DATA EXTRACT Start Marker

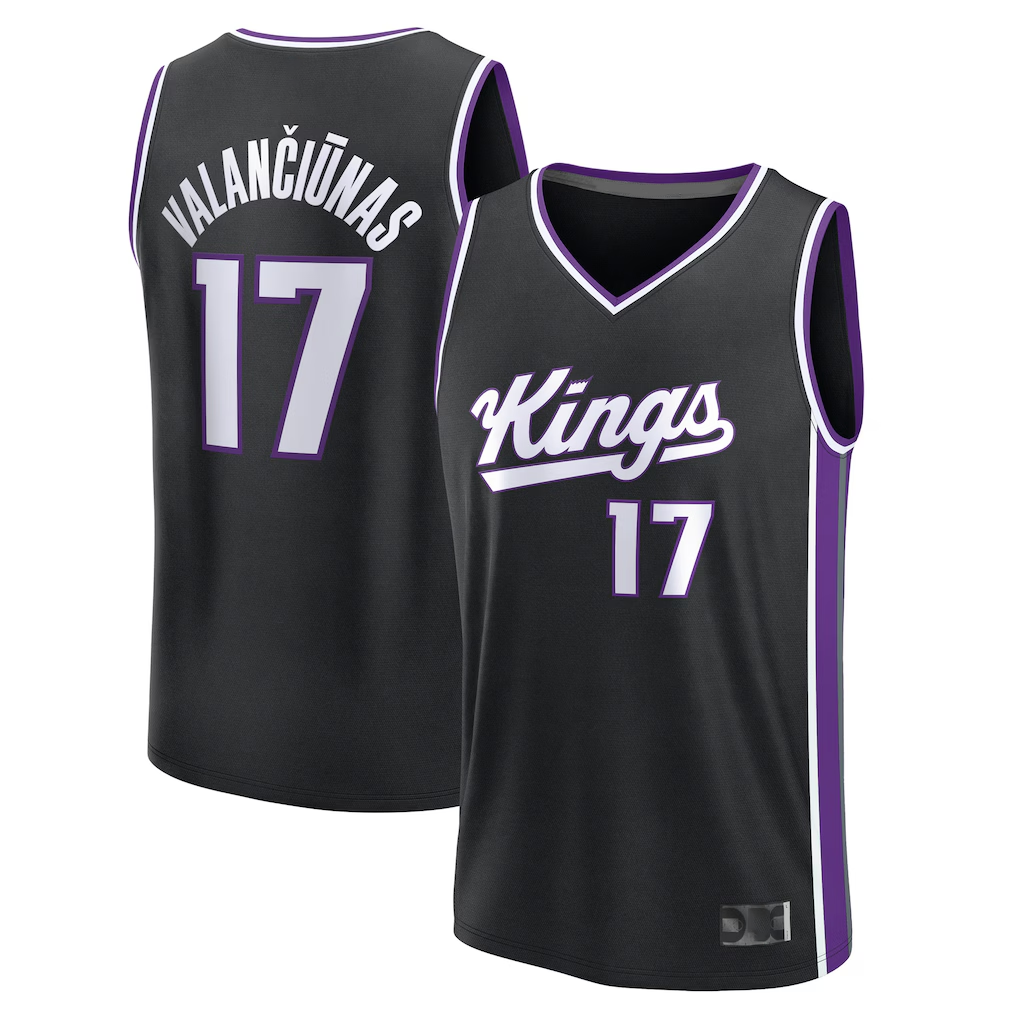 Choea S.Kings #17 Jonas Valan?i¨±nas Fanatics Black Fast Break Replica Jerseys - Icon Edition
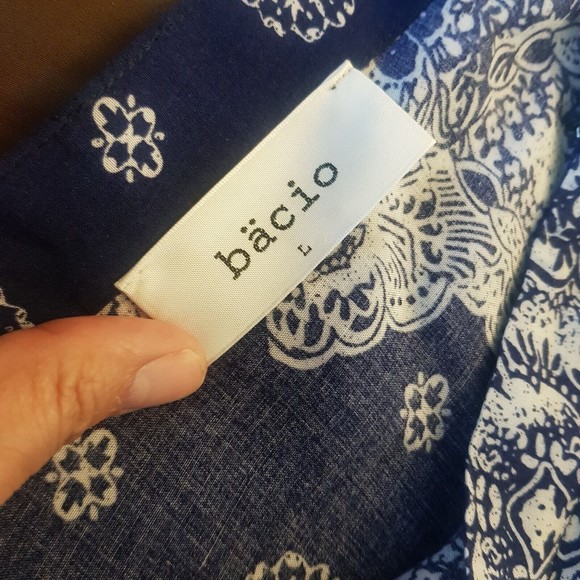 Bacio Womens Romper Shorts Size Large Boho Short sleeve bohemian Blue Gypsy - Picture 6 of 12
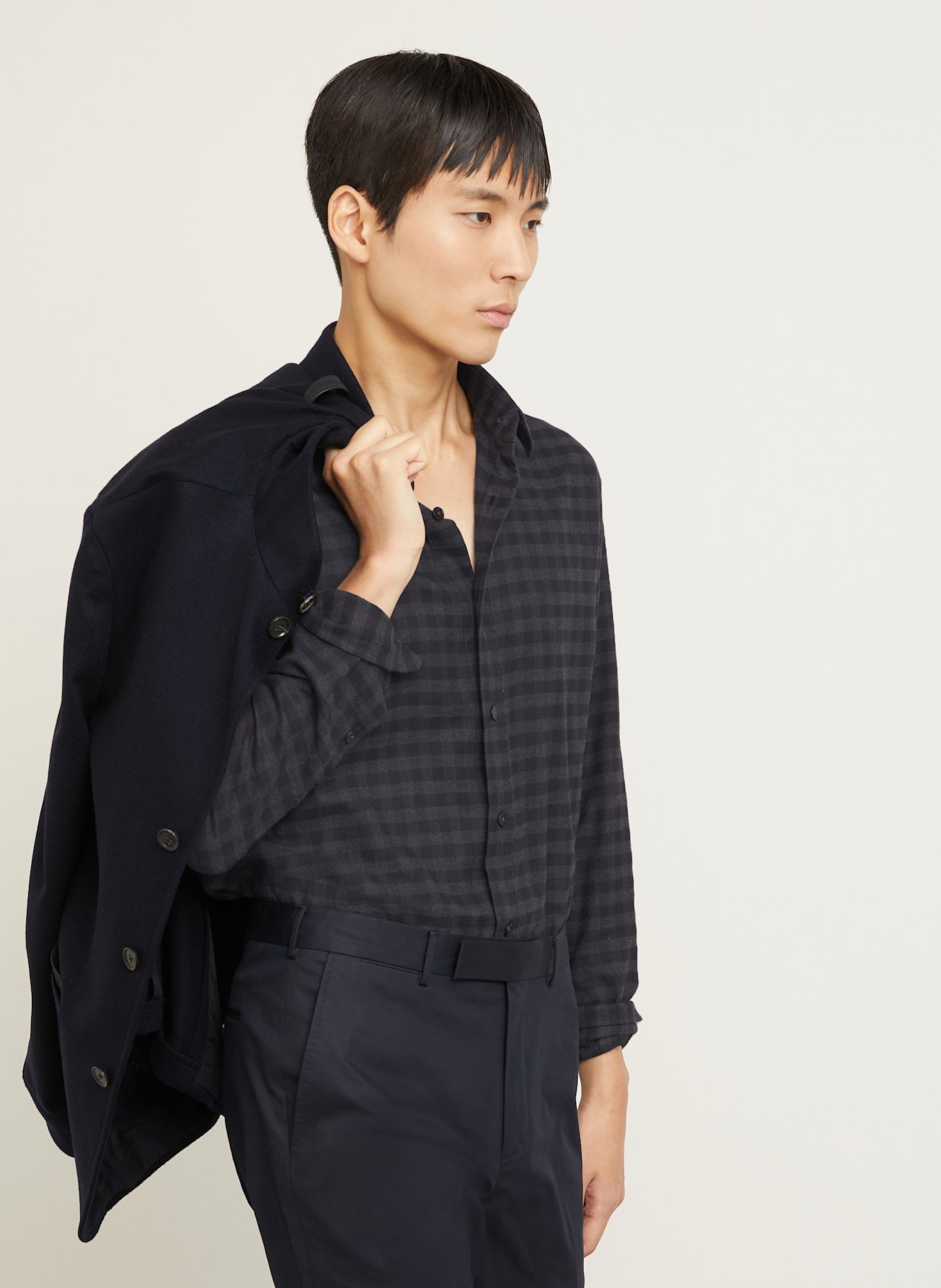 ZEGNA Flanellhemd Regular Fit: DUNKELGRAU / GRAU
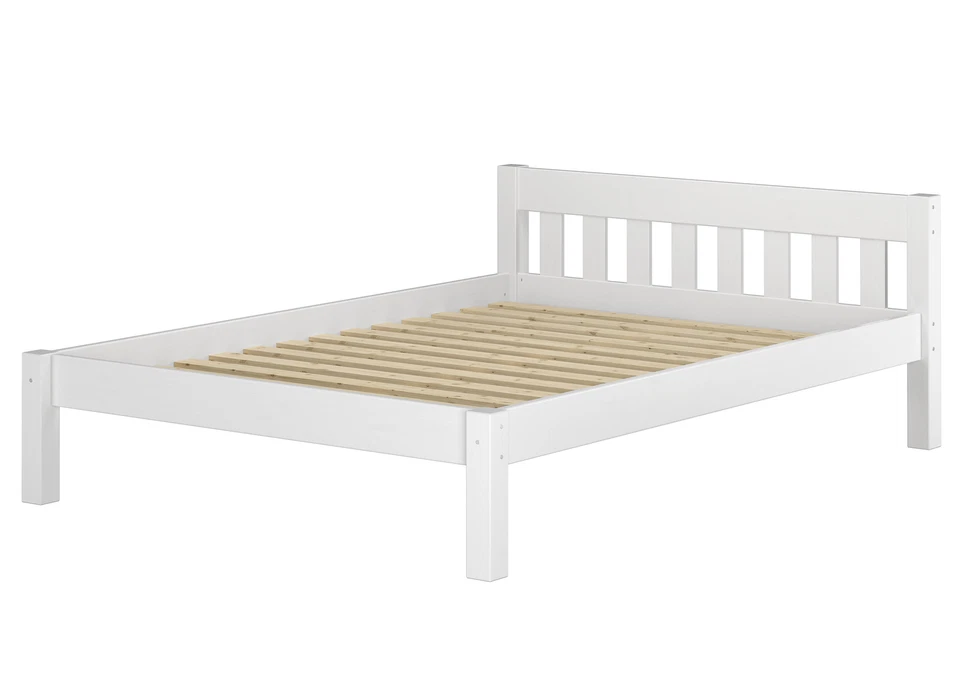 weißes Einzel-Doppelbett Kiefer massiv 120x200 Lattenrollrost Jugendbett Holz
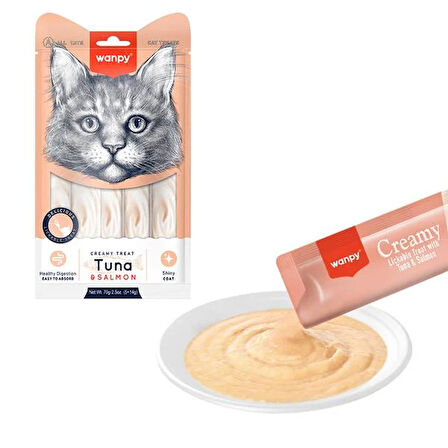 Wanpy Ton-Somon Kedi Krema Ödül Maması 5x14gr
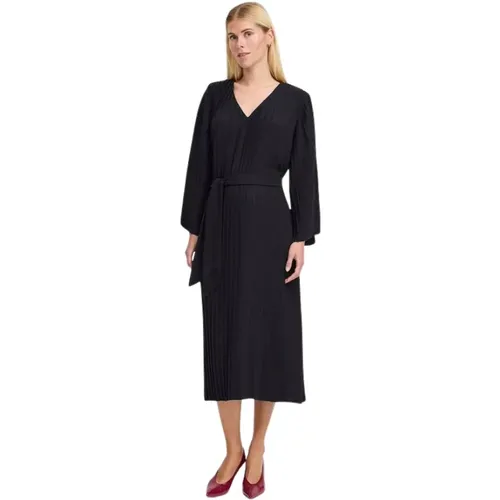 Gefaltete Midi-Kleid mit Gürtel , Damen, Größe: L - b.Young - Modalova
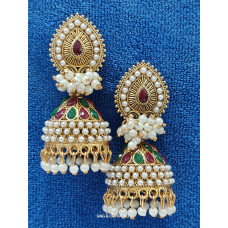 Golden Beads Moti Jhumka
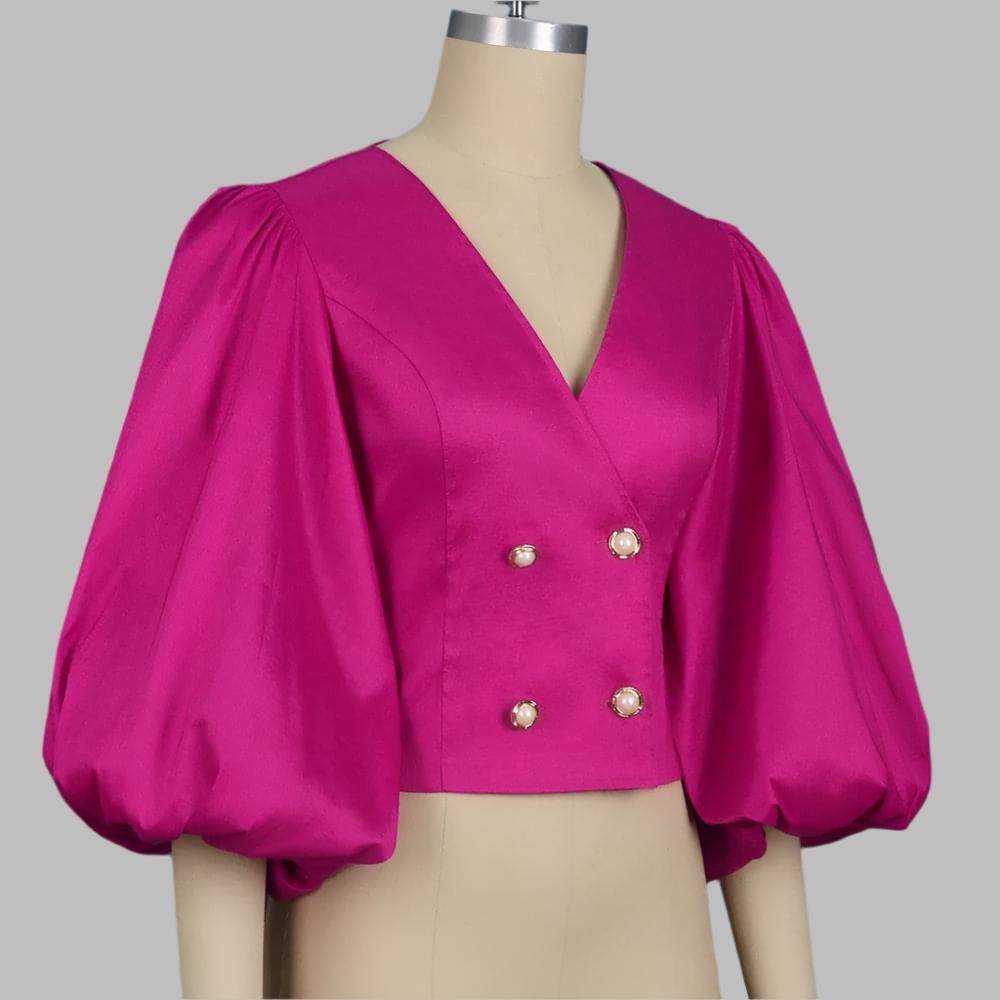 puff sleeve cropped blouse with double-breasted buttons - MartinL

DATA EXTRACT End Marker

Repeat the listing word for word, omitting the pictures.

 Choea S.Kings #17 Jonas Valan?i¨±nas Fanatics Black Fast Break Replica Jerseys - Icon Edition
 Bacio Womens Romper Shorts Size Large Boho Short sleeve bohemian Blue Gypsy - Picture 6 of 12
 ZEGNA Flanellhemd Regular Fit: DUNKELGRAU / GRAU
 weißes Einzel-Doppelbett Kiefer massiv 120x200 Lattenrollrost Jugendbett Holz
 Wanpy Ton-Somon Kedi Krema Ödül Maması 5x14gr
 Gefaltete Midi-Kleid mit Gürtel , Damen, Größe: L - b.Young - Modalova
 Golden Beads Moti Jhumka
 puff sleeve cropped blouse with double-breasted buttons - MartinL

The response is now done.